- Billions of dollars’ worth of Ether are being used to bet that Ethereum will finally complete its ambitious shift to a proof-of-stake means of securing its blockchain.
- Traders are increasingly taking bullish bets on Ether’s price as a successful software upgrade would also convert the cryptocurrency to a deflationary emissions schedule which means that over time, the amount of Ether will be expected to decrease.
If successful, Ethereum, the world’s second most valuable blockchain by market cap, would have pulled off the seemingly impossible for only the second time in its short history – the first was surviving the ideological struggle from the DAO hack in 2016.
Ethereum is set to make history by being the first blockchain in the world to move from the energy-intensive proof-of-work method of securing transactions, to the far more energy-neutral proof-of-stake mechanism and serious money is betting that the transition will work.

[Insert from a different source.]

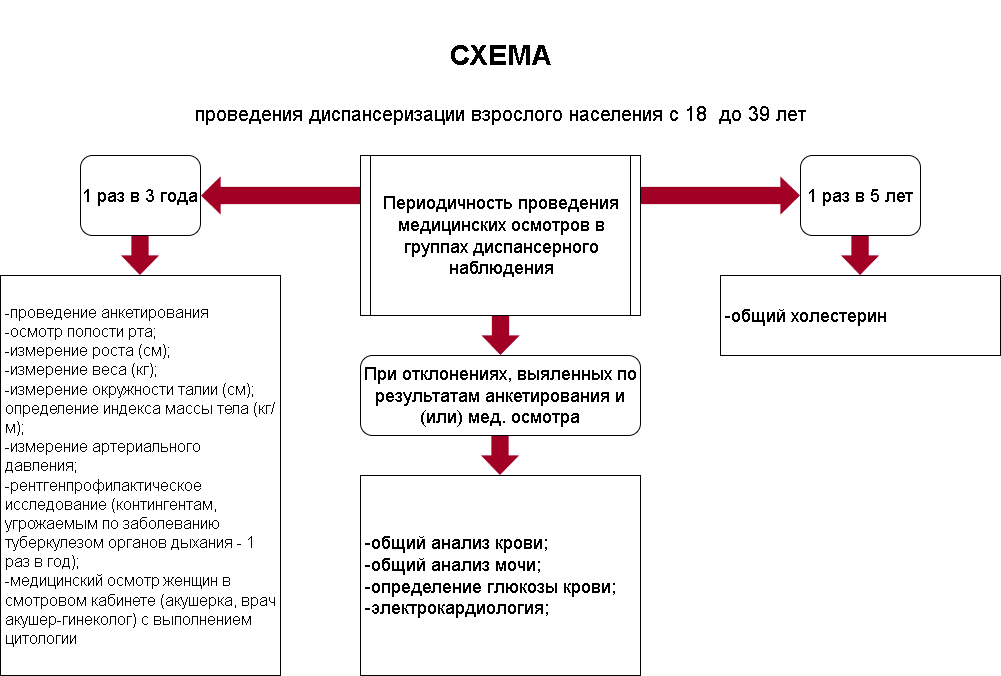 диспансеризация схема 2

Over US$10 billion worth of Ether, or approximately 3.22 Ether tokens, have already been staked on decentralized finance or DeFi protocol Lido Finance, in anticipation of a successful completion of the long-awaited shift to proof-of-stake for the Ethereum blockchain.
The software upgrade, dubbed the “Merge” has been years in the making and now has a timeline, with some of its top developers suggesting that the latter half of this year will be when the change is instituted.

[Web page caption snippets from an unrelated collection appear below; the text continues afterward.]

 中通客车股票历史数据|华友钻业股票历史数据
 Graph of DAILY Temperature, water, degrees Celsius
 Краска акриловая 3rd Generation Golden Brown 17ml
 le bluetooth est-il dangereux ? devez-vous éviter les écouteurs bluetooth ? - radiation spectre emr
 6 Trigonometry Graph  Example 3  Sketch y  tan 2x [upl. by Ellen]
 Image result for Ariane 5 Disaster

So far, the “hard fork,” a software upgrade that will need to be adopted by cryptocurrency miners has been through several important stress tests and passed them with flying colors, raising expectations that the ambitious shift will be successful.
Ethereum’s upgrade won’t just shift the blockchain to a proof-of-stake methodology, it will also change its native cryptocurrency Ether into a deflationary token, which has many traders betting that the price of Ether will be expected to rise, especially as it will generate value through its use as a means to stake to secure the Ethereum blockchain.
Staking enables holders of Ether to earn passive income by way of more Ether, by using their staked tokens to help validate transactions and secure the Ethereum blockchain.
But staked Ether isn’t without its risks.
If the Ethereum upgrade doesn’t go according to schedule, a common occurrence in software, staked Ethereum holders could rush to swap their staked tokens for regular Ether on the open market, potentially causing the value of the staked token, which is pegged to Ether, to lose its peg and therefore its value.
While this wouldn’t affect the price of Ether so much, it would affect the value of staked Ether tokens, which are a derivative of the Ether staked, regardless of platform.
Traders looking to cash in on the returns from staking Ether are best advised to monitor closely the liquidity of the staked Ether tokens that they hold, because should that liquidity dry up, it may be difficult to swap a staked Ether for a regular one without forcing an unpegging of the value.